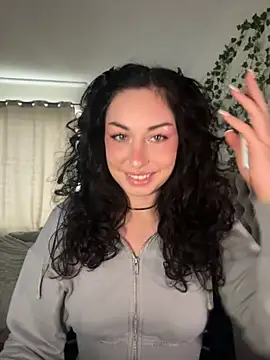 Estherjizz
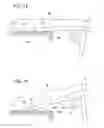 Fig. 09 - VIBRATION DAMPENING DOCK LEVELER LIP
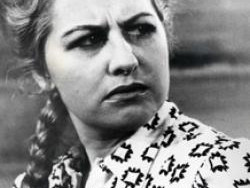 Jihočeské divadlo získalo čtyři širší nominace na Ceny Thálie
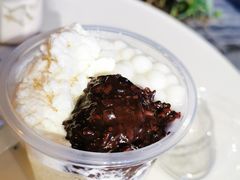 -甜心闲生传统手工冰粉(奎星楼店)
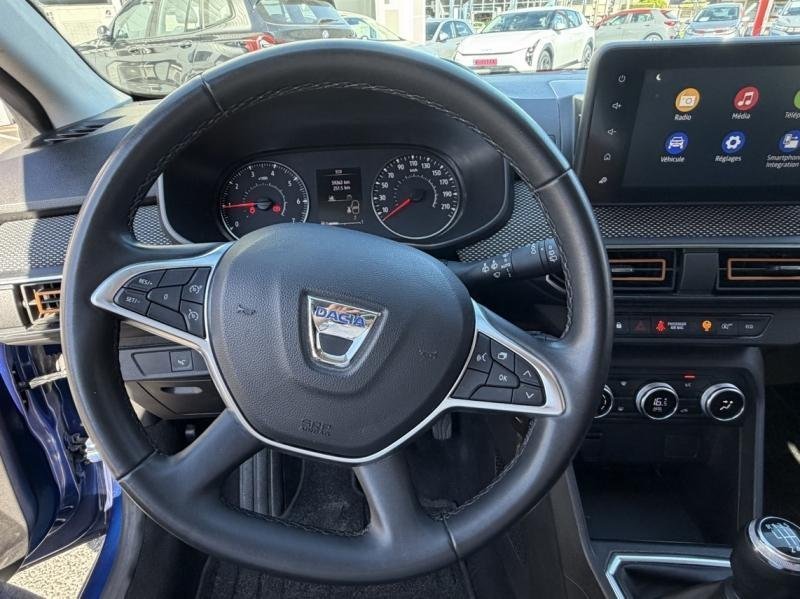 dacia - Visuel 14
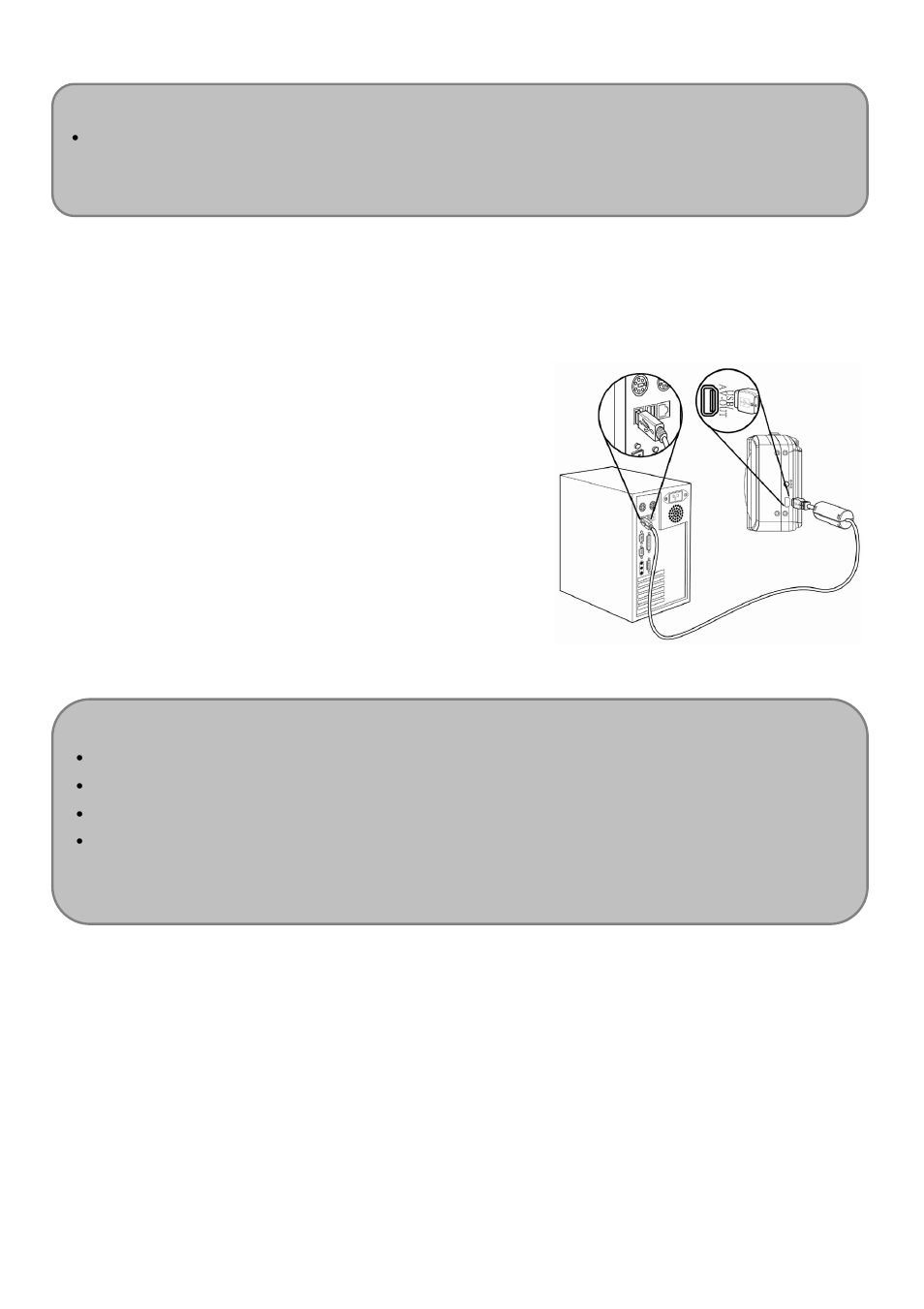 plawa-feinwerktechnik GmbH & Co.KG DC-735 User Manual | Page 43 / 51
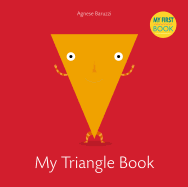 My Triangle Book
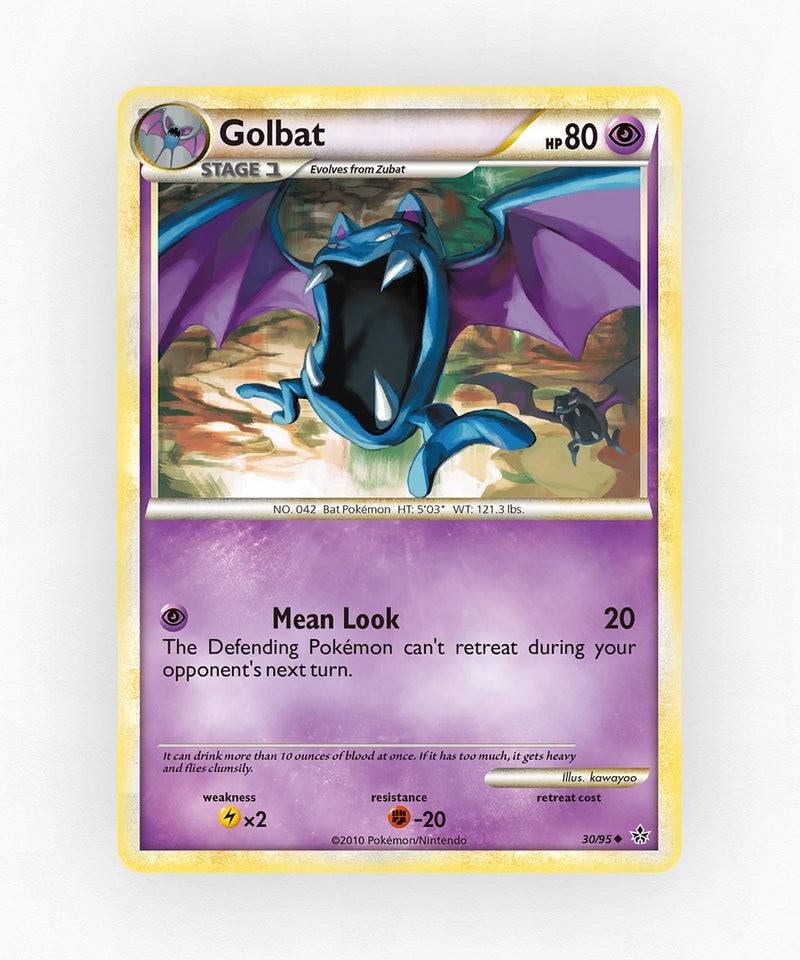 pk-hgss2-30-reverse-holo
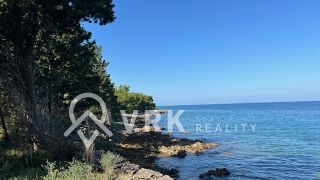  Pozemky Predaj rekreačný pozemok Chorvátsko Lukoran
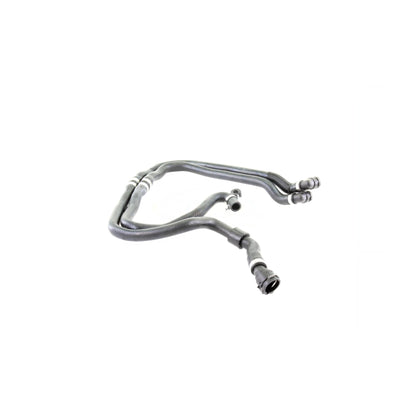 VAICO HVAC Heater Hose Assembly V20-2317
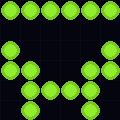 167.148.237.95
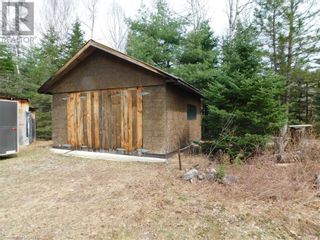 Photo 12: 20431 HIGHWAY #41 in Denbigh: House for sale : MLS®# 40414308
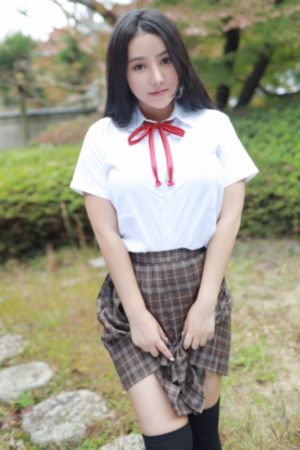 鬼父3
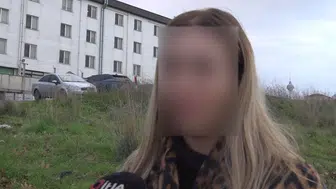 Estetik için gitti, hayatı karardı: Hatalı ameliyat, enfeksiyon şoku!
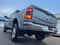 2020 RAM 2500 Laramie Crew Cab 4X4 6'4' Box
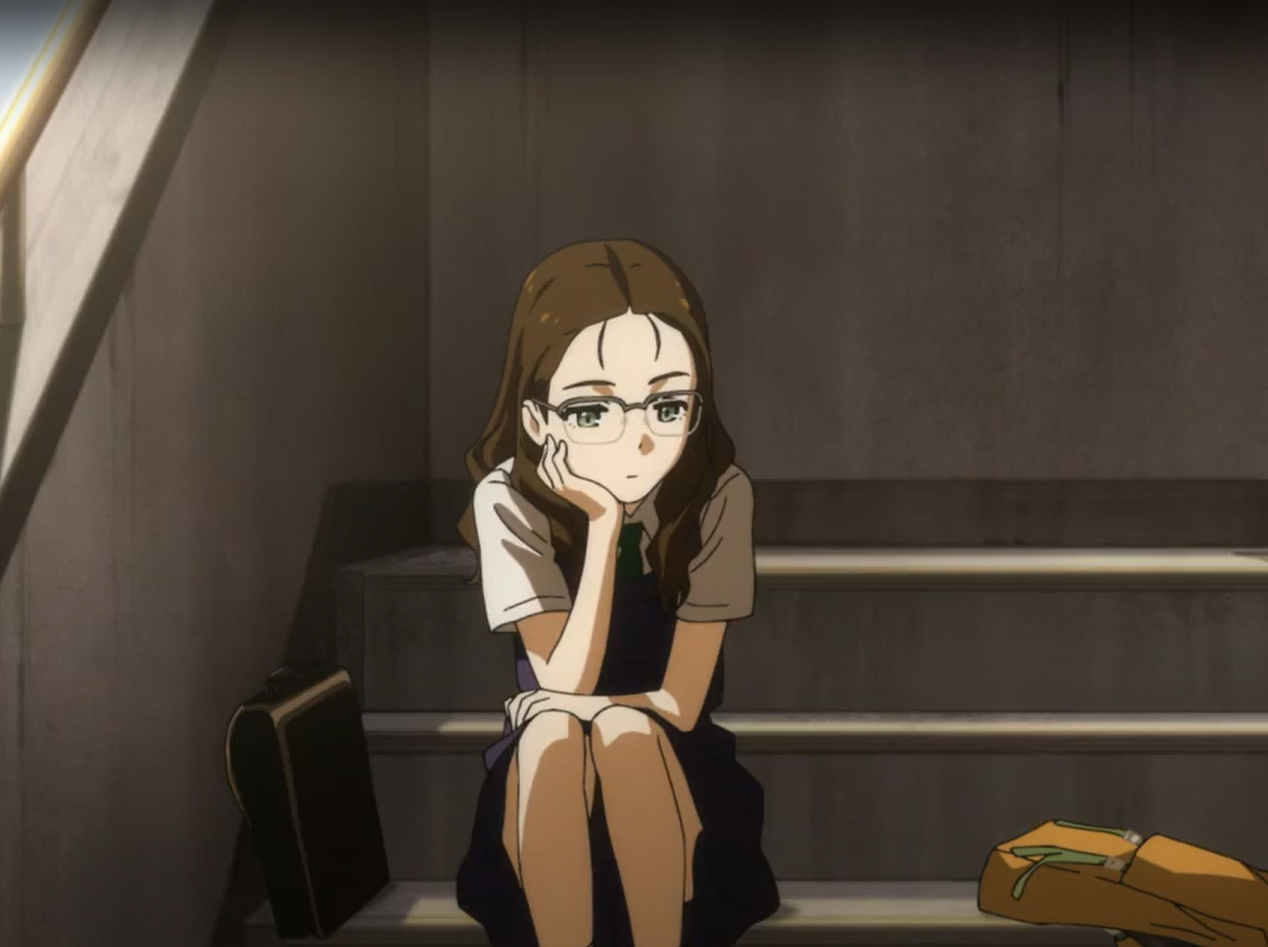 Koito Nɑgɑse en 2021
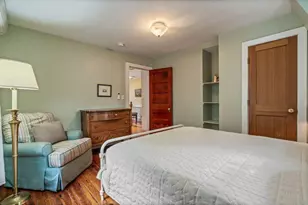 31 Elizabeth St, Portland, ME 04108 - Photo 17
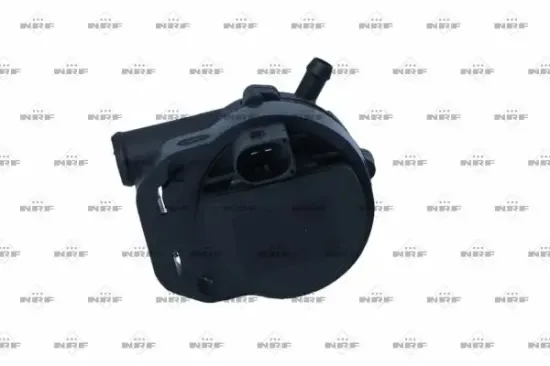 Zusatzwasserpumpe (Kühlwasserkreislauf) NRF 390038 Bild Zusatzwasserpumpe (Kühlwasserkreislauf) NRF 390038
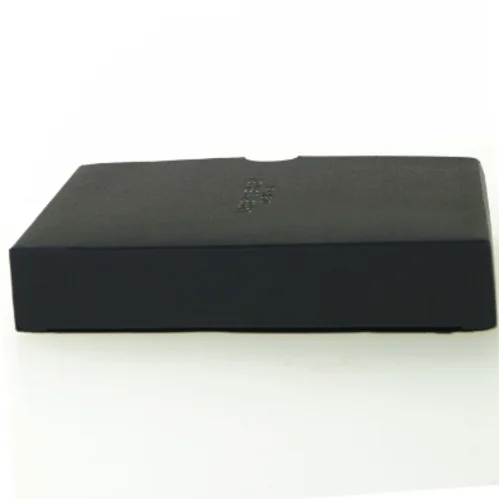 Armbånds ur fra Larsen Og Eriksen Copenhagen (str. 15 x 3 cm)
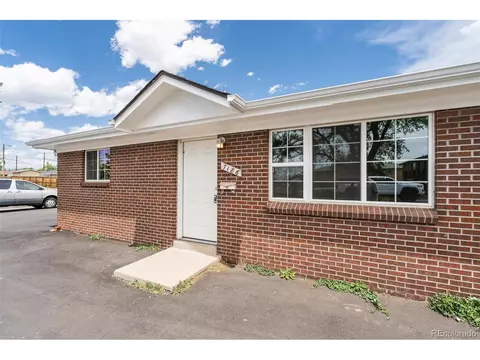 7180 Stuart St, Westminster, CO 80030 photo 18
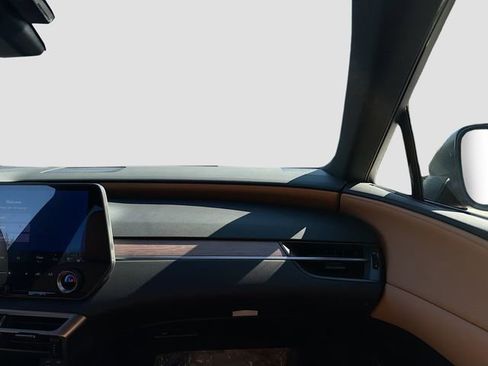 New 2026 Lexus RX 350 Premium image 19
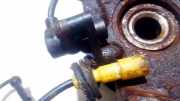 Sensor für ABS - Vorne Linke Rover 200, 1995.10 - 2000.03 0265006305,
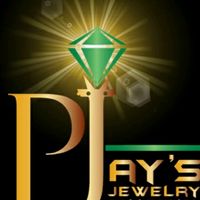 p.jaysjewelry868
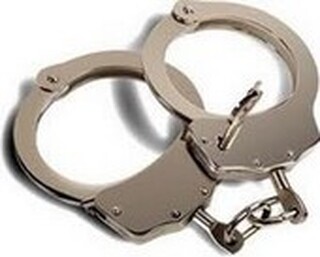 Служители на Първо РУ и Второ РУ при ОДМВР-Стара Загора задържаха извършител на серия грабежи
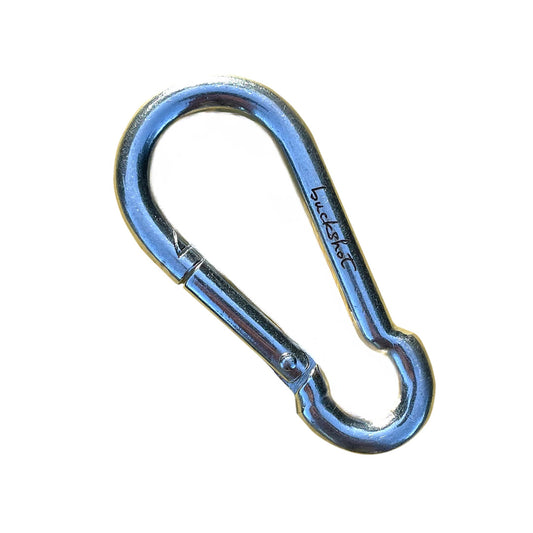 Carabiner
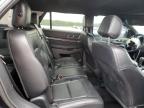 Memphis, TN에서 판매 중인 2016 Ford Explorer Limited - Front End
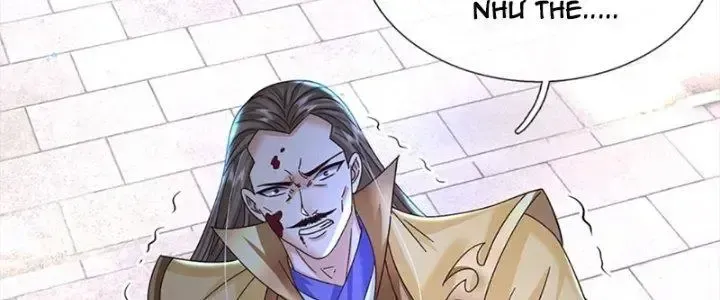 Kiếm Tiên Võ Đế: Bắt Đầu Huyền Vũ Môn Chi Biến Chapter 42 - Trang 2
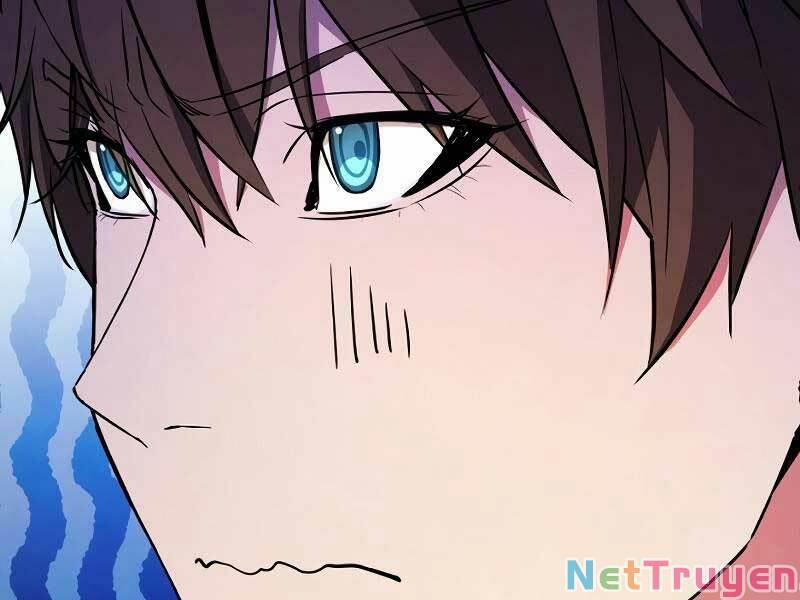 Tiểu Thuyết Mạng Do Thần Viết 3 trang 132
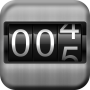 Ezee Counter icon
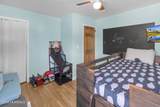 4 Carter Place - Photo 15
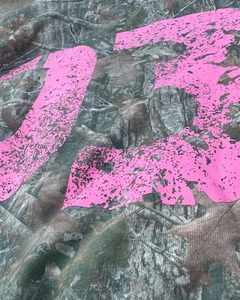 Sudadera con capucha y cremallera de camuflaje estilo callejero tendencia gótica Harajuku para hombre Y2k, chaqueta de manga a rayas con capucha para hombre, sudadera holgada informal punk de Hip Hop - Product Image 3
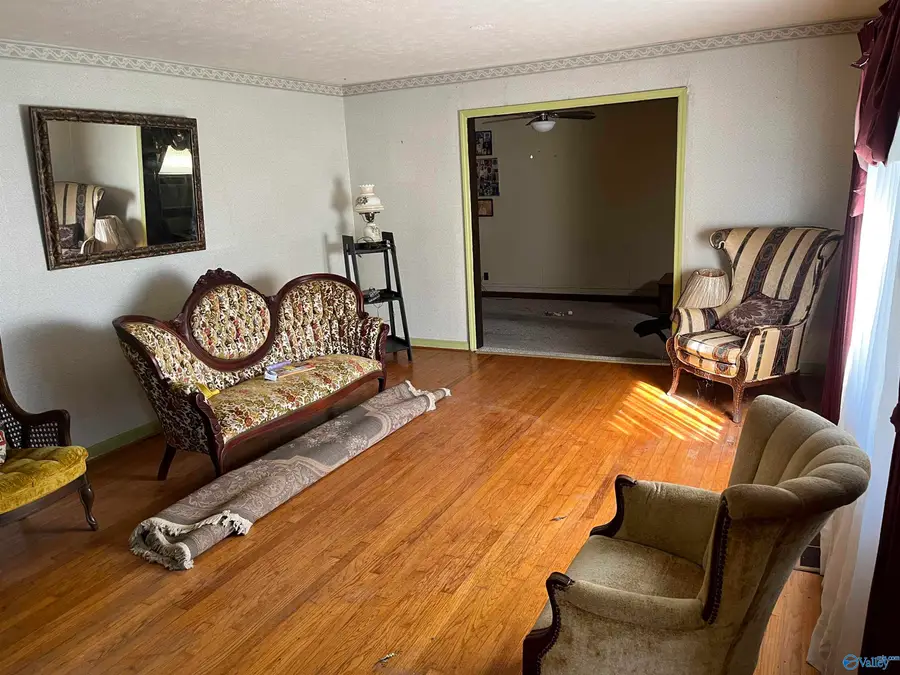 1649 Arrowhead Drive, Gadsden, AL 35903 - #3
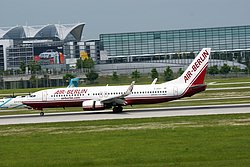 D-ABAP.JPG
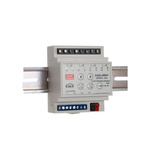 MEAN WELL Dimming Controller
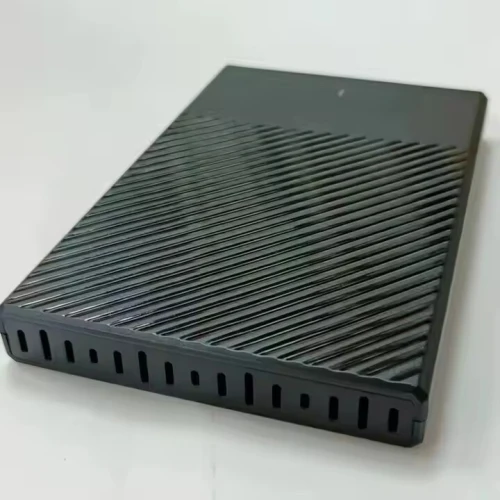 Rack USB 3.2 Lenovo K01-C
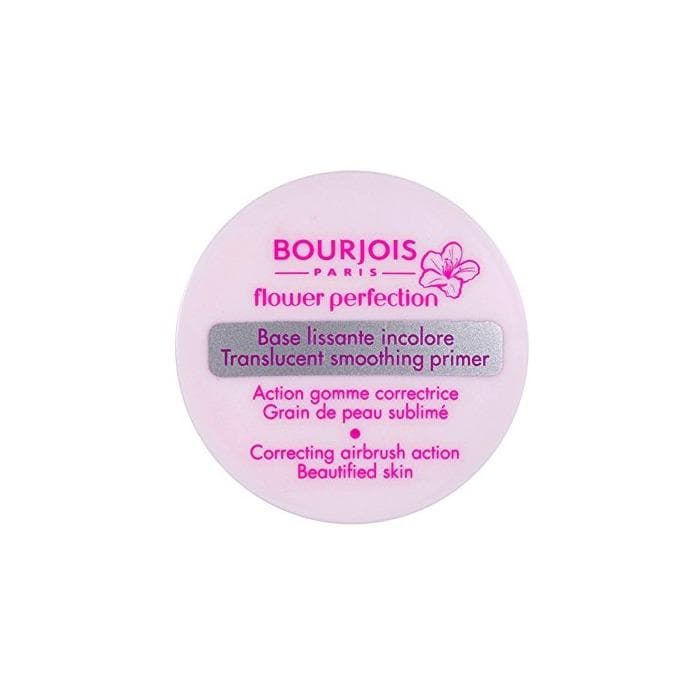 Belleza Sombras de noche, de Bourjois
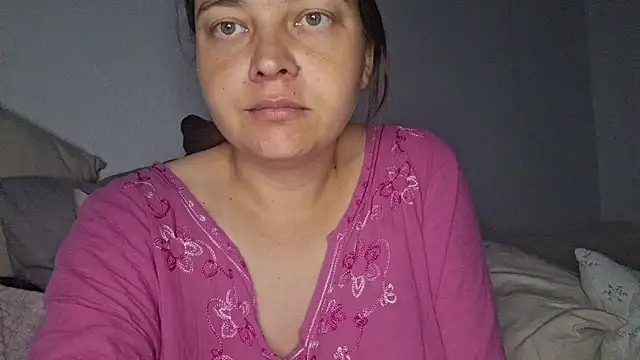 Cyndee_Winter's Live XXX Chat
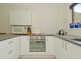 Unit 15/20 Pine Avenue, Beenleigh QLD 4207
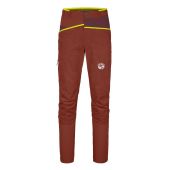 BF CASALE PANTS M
• • • •
• **Task to carry out**: Above are some records. Reproduce the lines from the one with "dacia - Visuel 14" down to the one with "Estetik için gitti, hayatı", keeping both, and leave every picture out.

• **Response to this task**:
 dacia - Visuel 14
 plawa-feinwerktechnik GmbH & Co.KG DC-735 User Manual | Page 43 / 51
 My Triangle Book
 pk-hgss2-30-reverse-holo
  Pozemky Predaj rekreačný pozemok Chorvátsko Lukoran
 VAICO HVAC Heater Hose Assembly V20-2317
 167.148.237.95
 Photo 12: 20431 HIGHWAY #41 in Denbigh: House for sale : MLS®# 40414308
 鬼父3
 Estetik için gitti, hayatı karardı: Hatalı ameliyat, enfeksiyon şoku!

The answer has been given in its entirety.